AVケーブルが持つ固有の音は誘電体歪??

09/4/27

 最近AVケーブルの音質問題で下記のような記述を見つけました。別に悪口を言うつもりはありませんが、その根拠が示されてないのと、ケーブルの伝送技術論と懸け離れた主張であるようで、私の理解の範疇を超えています。別に理論立てが正解でなくとも、結果としてスピーカーから出てくる音が心地よければ良い世界の話ではありますが・・・

① ケーブルが持つ固有の音は誘電体歪である

② 絶縁体が遅延時間を有する

③ 誘電体が振動する

①の誘電体歪とは何を指しているのか分かりませんが、ケーブル伝送理論でいう誘電体は、導体間に挟まれる絶縁体であります。電気的な等価回路(4端子回路)では直列に導体抵抗:Rと導体の持つインダクタンス;Lが入りZs=R+jωL、並列に漏洩コンダクタンス;Gと静電容量;Cが入りZf=G+jωCとなります。誘電体が関与しているのは、GとCであります。GはさらにG=ωCtanδで、tanδは誘電正接と言われ、誘電体固有の定数でありますが、ポリエチレン(PE)やポリプロピレン(PP)のように信号伝送のケーブルの使用される材料ではtanδ=0.0002程度であるので、ZfはほとんどCの関数になります。そこでCですが、これは使用される誘電体の比誘電率とケーブルの構造に由来します。上記したPEやPPの比誘電率(εs)は低周波域から高周波域まで一定で、εs=2.3程度です。通称”塩ビ”と称されるポリ塩化ビニル混合物(PVC)はケーブルに使用する場合には、柔軟性の要求があるので、可塑剤といわれる液体等と混ぜ合わせて使用されます。PVCは内部に液体があるので、イオン化された電荷や電子が動きやすいために、PVCのεsは商用周波数の50Hz程度では7~8、周波数が上がると、大きなイオン化されたものは周波数に追随出来なくなるため、100kHzでは4程度まで低下します。即ち、Cは周波数で大きく変わるのでこれを称して歪と言われる事があります。PVCは現在も電源コード等には多く使用されていますが、信号伝送用AVケーブルに使用されることは上記理由で無いでしょう。これがケーブル技術の概説でありますが、何を称して”固有の音は誘電体歪”なのでしょうか?

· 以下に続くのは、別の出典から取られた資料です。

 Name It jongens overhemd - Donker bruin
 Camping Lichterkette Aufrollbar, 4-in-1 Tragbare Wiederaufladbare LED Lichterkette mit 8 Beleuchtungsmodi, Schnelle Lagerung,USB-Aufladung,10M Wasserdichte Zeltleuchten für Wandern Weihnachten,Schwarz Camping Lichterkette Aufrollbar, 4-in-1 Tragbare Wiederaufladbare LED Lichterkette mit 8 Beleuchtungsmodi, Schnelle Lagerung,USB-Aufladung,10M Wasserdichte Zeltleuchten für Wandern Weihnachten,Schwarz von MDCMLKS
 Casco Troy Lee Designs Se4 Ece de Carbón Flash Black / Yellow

②の絶縁体が遅延時間を有するのは事実です。この事は下記URLの「伝播速度」という項に詳細な説明がしてあるので、参考にして下さい。実際にケーブルを伝わる信号は20Hzでは真空中を伝わる電磁波(C=3x10^8m/sec 1秒間に地球を7周半回る)の10%程度で、100kHzになると50%程度にアップします。しかし考えてほしい。10%でも地球を0.7周です。我々が使用するオーディオケーブルはせいぜい数mであり、この違いが分かるだろうか? 又、音声帯域の周波数では遅延時間を決めるのは絶縁体(誘電体)だけでは無く、R、L、Gも関与している。専門的には位相定数(β)から計算されます。因って、遅延時間が音質を決定しているとはとても考えられない。LANの様な高速のデーターをパラレル伝送する世界では、対間の伝播時間差が議論される事がありますが。

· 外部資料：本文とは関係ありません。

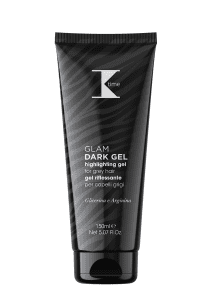 Gel fixare cu acoperire fire albe, Dark Gel, K-Time, 150ml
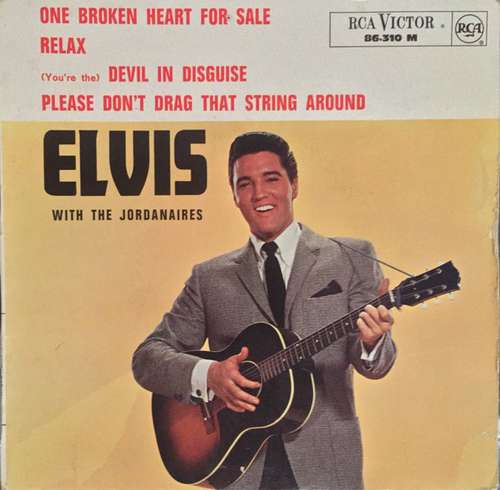 Cover Elvis* With The Jordanaires - One Broken Heart For Sale (7, EP) Schallplatten Ankauf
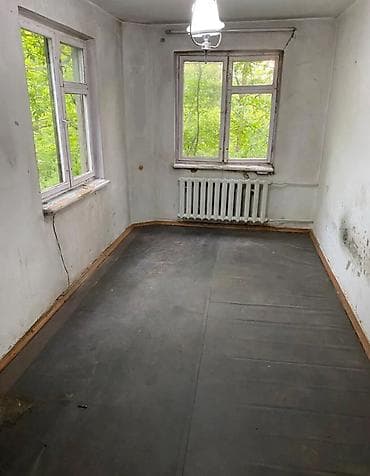 9мкр: 2 комнаты, 43 м², 104 серия, 3 этаж, Старый ремонт — 3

http://homepage2.nifty.com/NEGY/

③の誘電体が振動するとはどんなメカニズムなのでしょうか? 誘電体が静電気で帯電でもしていないと、力は働かないのではないでしょうか? 導体には電流が流れますから、磁界があればフレミングの法則で力が働くというのは理解できますが、ただ計算していないので分かりませんが、オーディオ信号は電線が振動するほどの力を発揮できるのでしょうか? 音声帯域の電流で振動するなら耳に聞こえる音がするはずです。これは冗談ですが、スピーカーが要らなくなるか?  

実際に製品化した、ケーブル構造が、この①②③の主張をしているURLに記載されていますが、この構造は静電容量が大きくなる構造ですので、①の誘電体歪みを少なくする方向と違っているように見えます。音質が良いという評価を受けているとしたら、音を良くしている理由はこの謳い文句とは違った要素が寄与しているのではないかと思う次第です。